*Directions for this task:*
All of the data must be output exactly, with every picture left out.

*Data shown:*
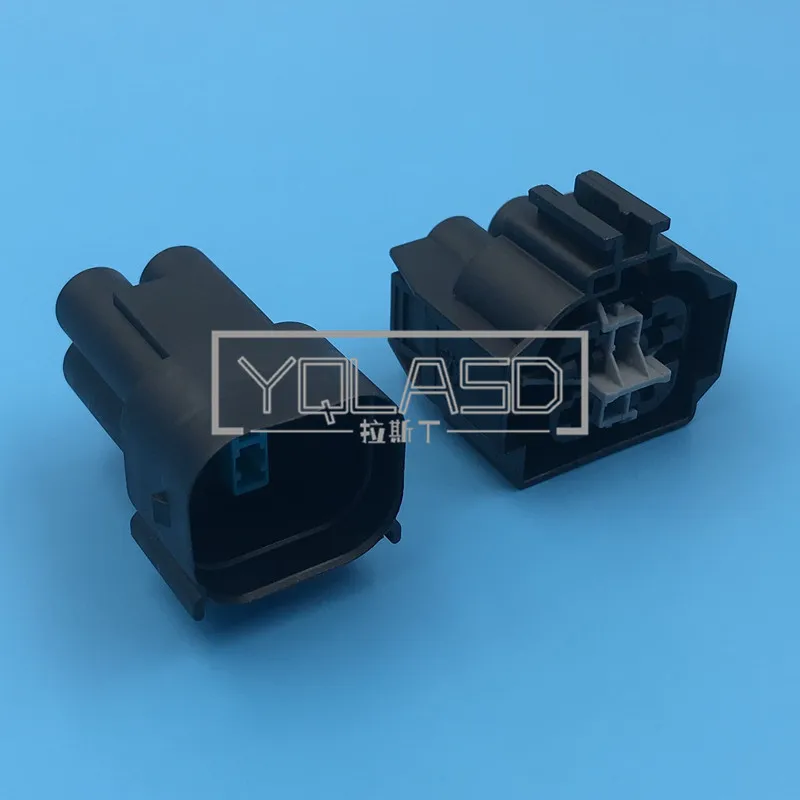 

1 комплект, 3-контактный автоматический электронный разъем вентилятора, автомобильная розетка переменного тока в сборе для BMW X1 X3 E90 E92 F18 F02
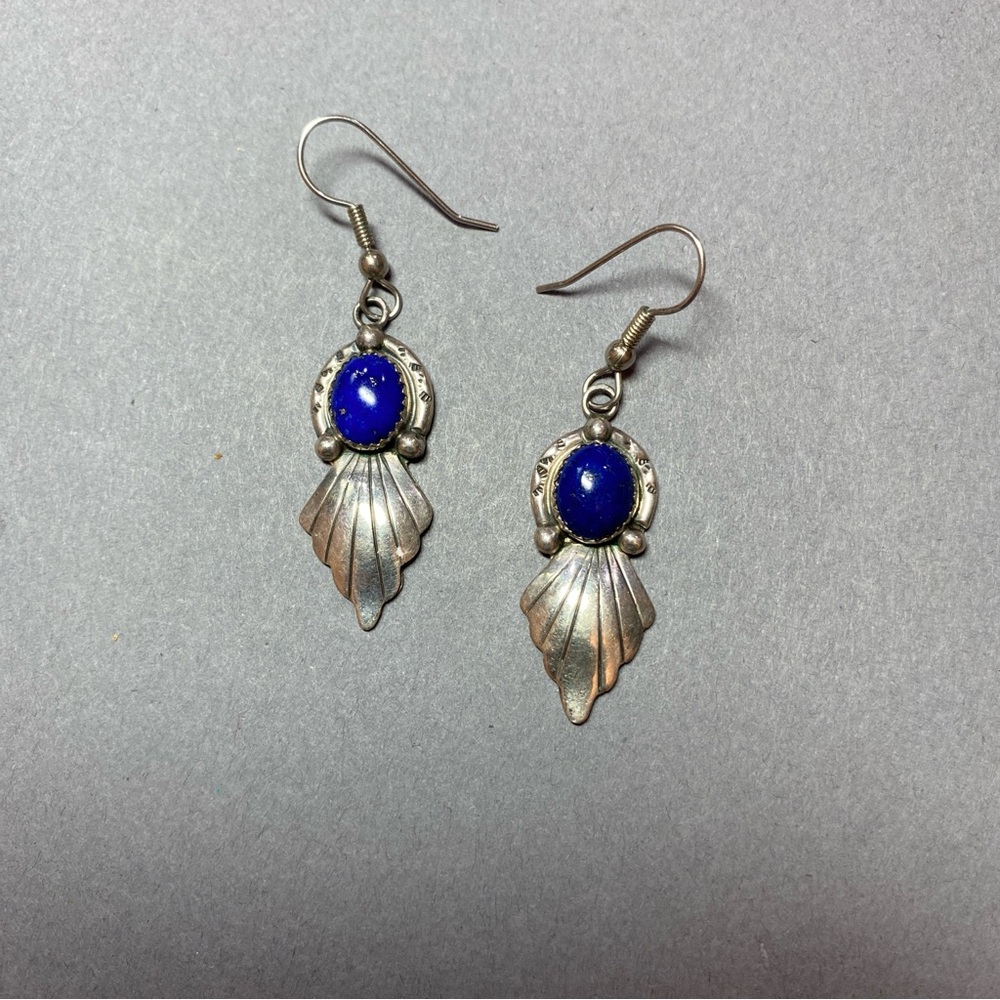 Vintage sterling silver Southwest blue lapis gemstone earrings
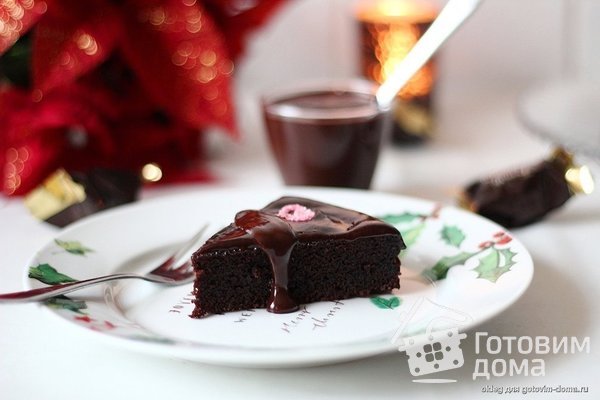 Шоколадный кекс-пудинг с шоколадным соусом фото к рецепту 2
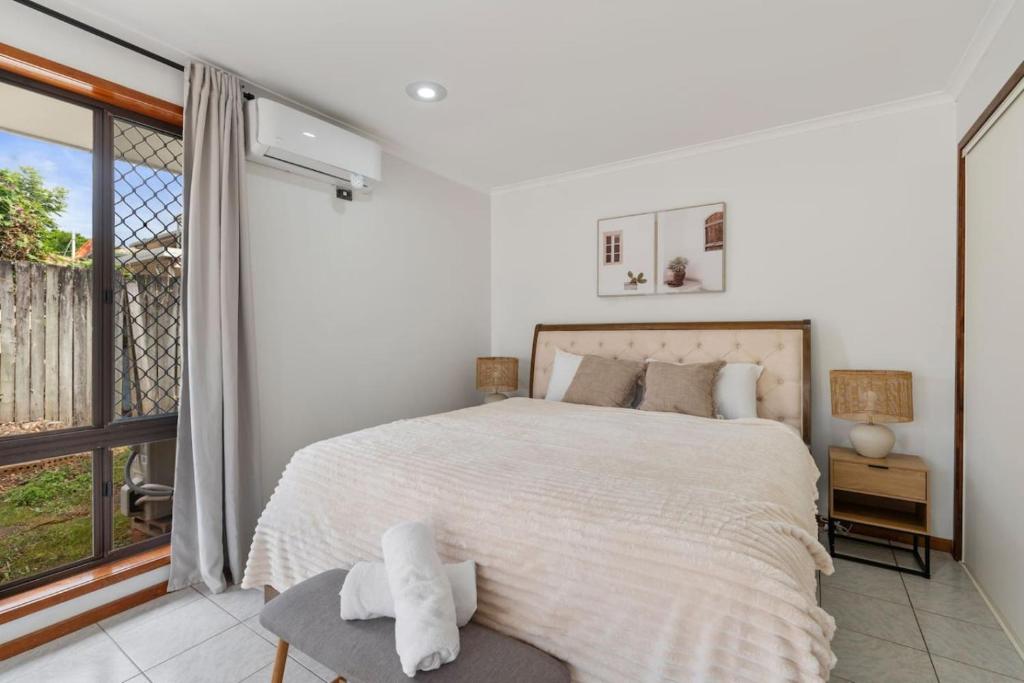 Affordable 1Bed Studio Close to Malls and Transit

*Your solution:*
1 комплект, 3-контактный автоматический электронный разъем вентилятора, автомобильная розетка переменного тока в сборе для BMW X1 X3 E90 E92 F18 F02
 Vintage sterling silver Southwest blue lapis gemstone earrings
 Шоколадный кекс-пудинг с шоколадным соусом фото к рецепту 2
 Affordable 1Bed Studio Close to Malls and Transit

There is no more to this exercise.